## Records
◇ ◇ ◇ ◇ ◇ ◇ ◇

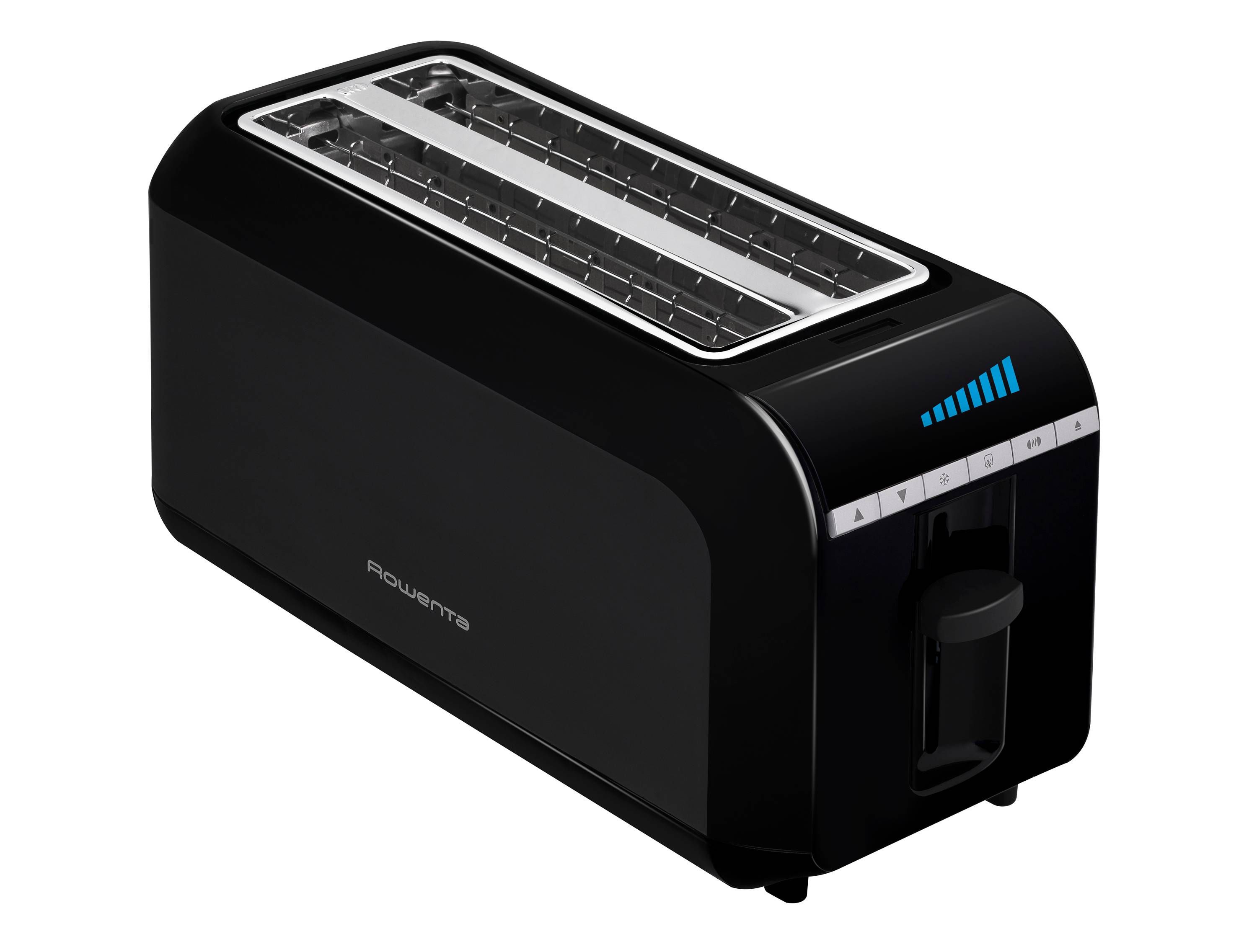 GRILLE PAIN 2 LONGUES FENTES NOIR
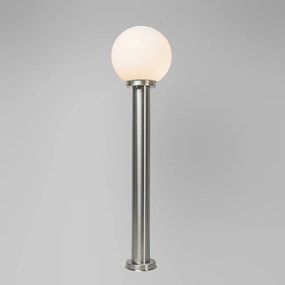 Moderné vonkajšie lampášové stĺp z nerezovej ocele 100 cm - Sfera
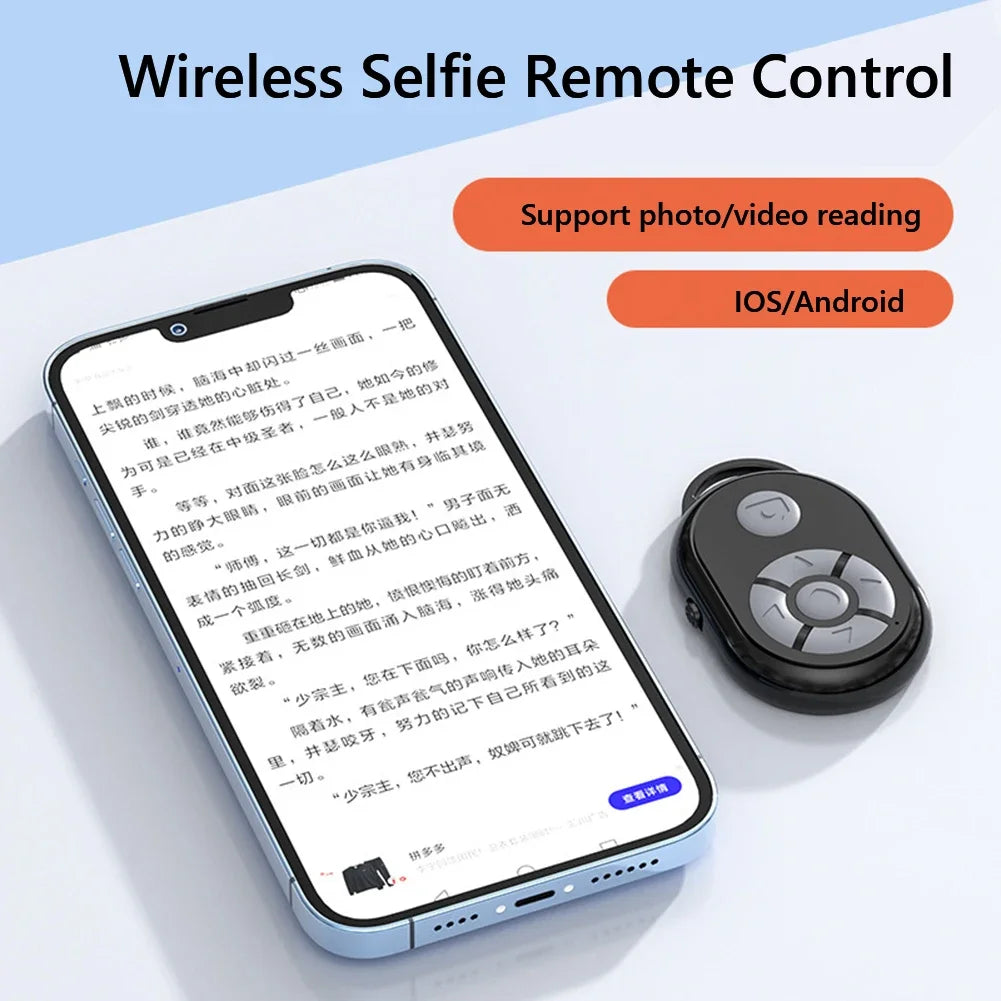 Remote Control Page Turner Bluetooth Smart Phone Screen Auto Clicker for Gaming Live 10m Camera Shutter Video Remote For tiktok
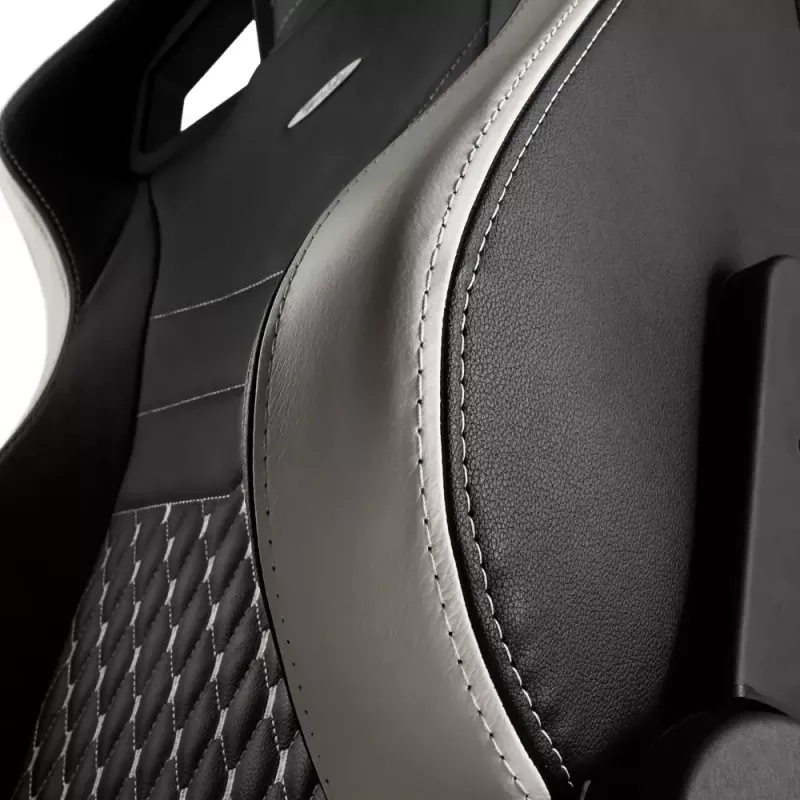 noblechairs EPIC Real Leather silla gaming NBL-RL-EPC-001, negra/blanca/roja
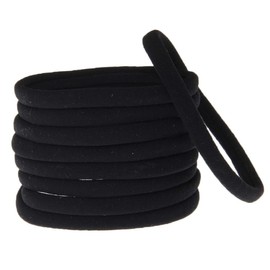 Vaguelly 36pcs Seamless Elastic Nylon Hair Bands for Women Durable Rubber Bands Mixed Colors for Beautiful Hairstyles for and Everyday Use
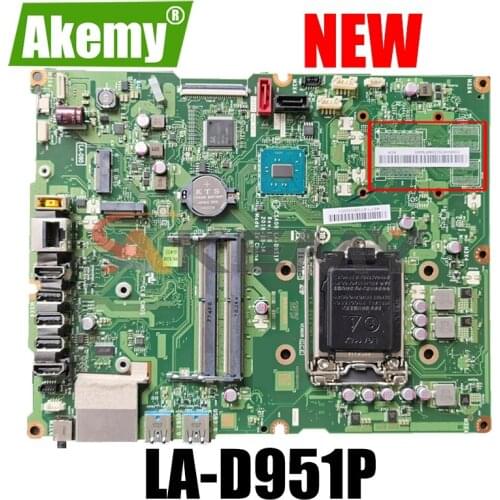 For Lenovo Ideacentre 510-23ISH S5250 AIO Motherboard LA-D951P LA-D952P FRU: 00UW376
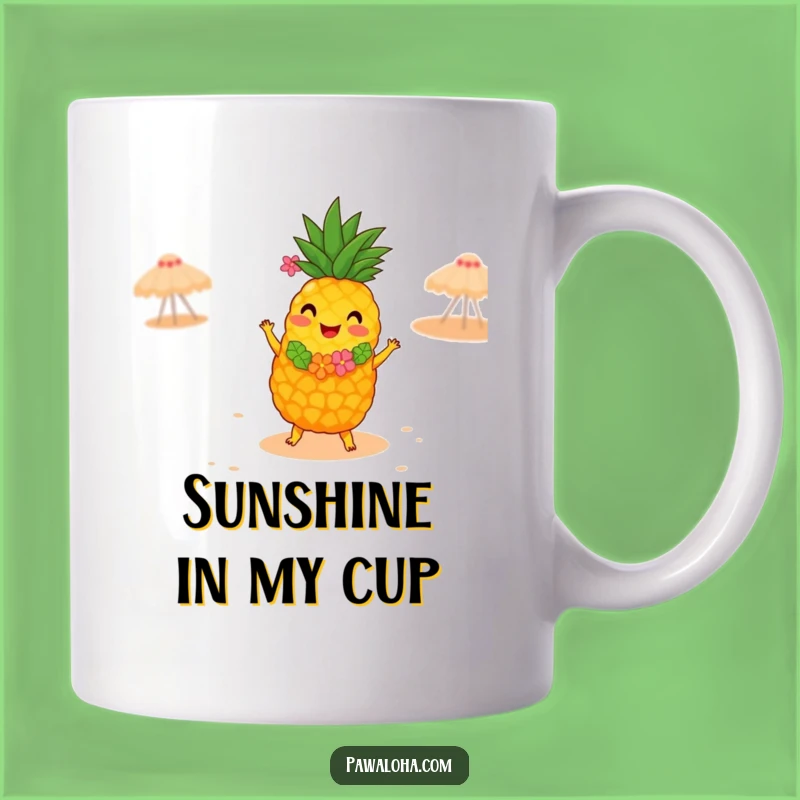 Funny Pineapple Hula Dancer Mug - Joyful Tropical Gift for Beach Lovers!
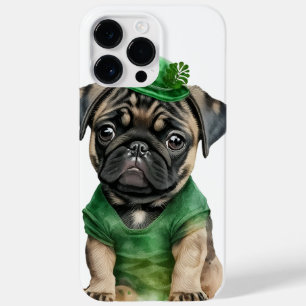 ADORABLE WATERCOLOR PUG DRESSED IN GREEN Case-Mate iPhone 14 PRO MAX CASE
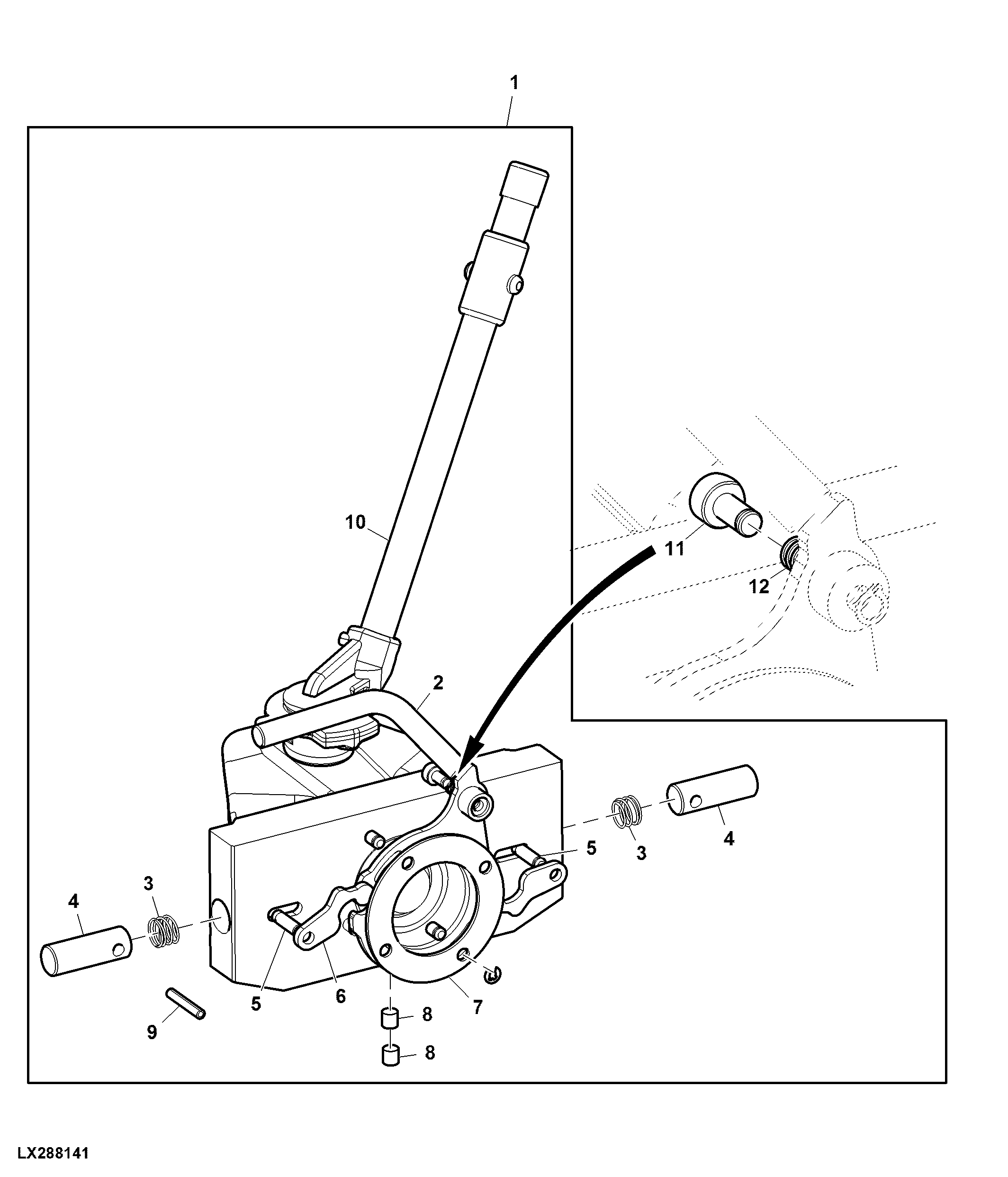 Trailer Hitch, Sliding Version, W/ Remote Lock Pin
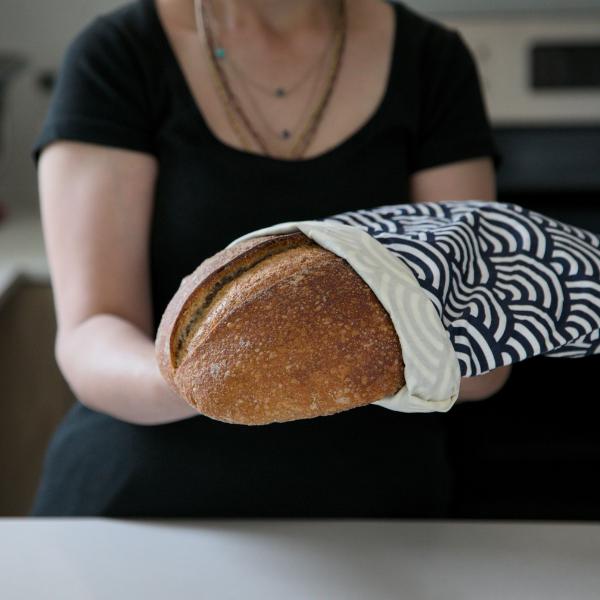2 Pack Beeswax Bread Bags For Homemade Sourdough Bread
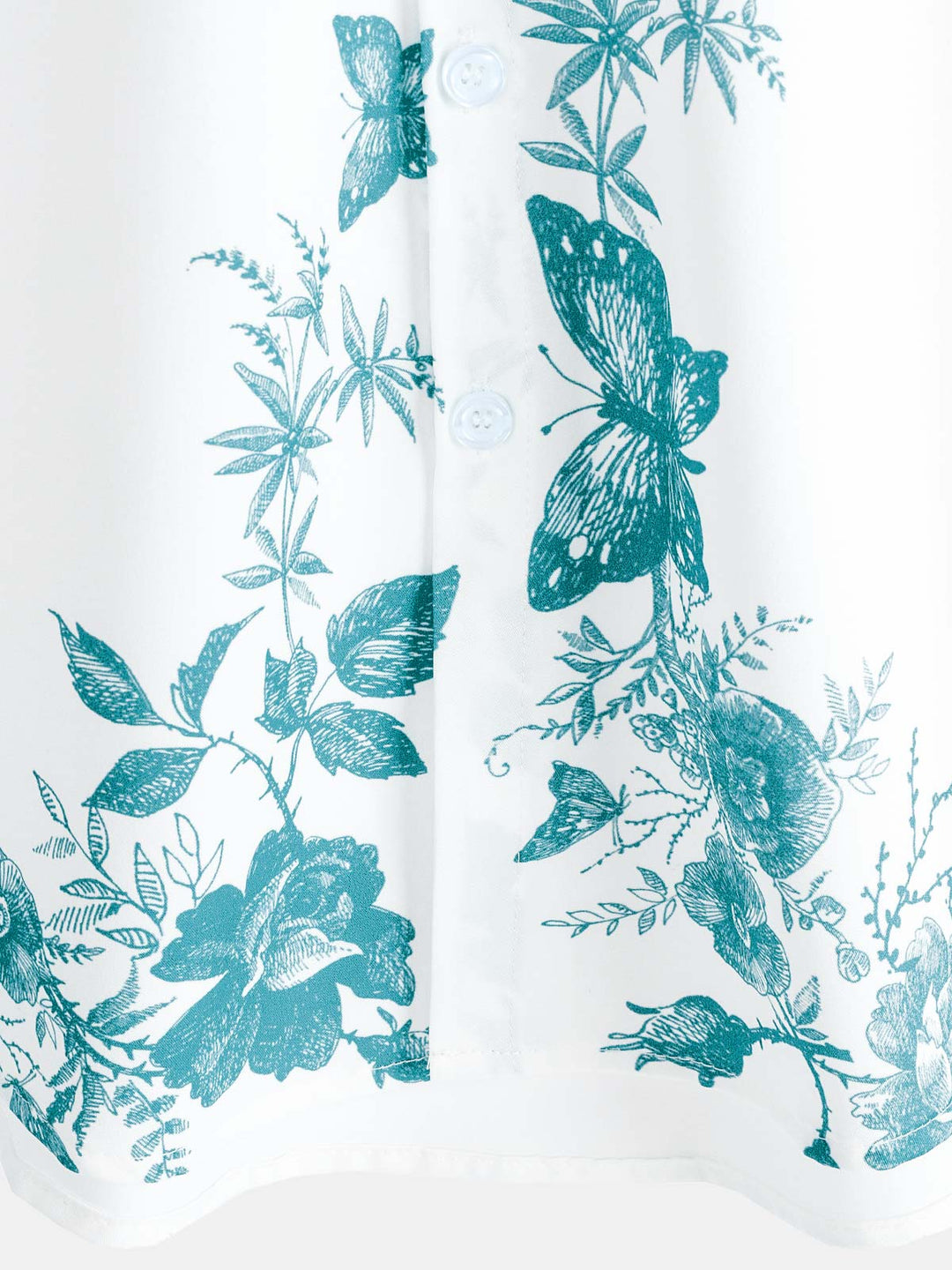 Chemise hawaïenne à manches courtes et col décontracté pour homme, imprimé floral vert, à boutons, pour l&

◇ ◇ ◇ ◇ ◇ ◇ ◇

A word-for-word repeat of the lines from the line with "2 Pack Beeswax" to the last line of the data, both ends included and pictures left out, is all that should appear.

## Result of this exercise
2 Pack Beeswax Bread Bags For Homemade Sourdough Bread
 Chemise hawaïenne à manches courtes et col décontracté pour homme, imprimé floral vert, à boutons, pour l&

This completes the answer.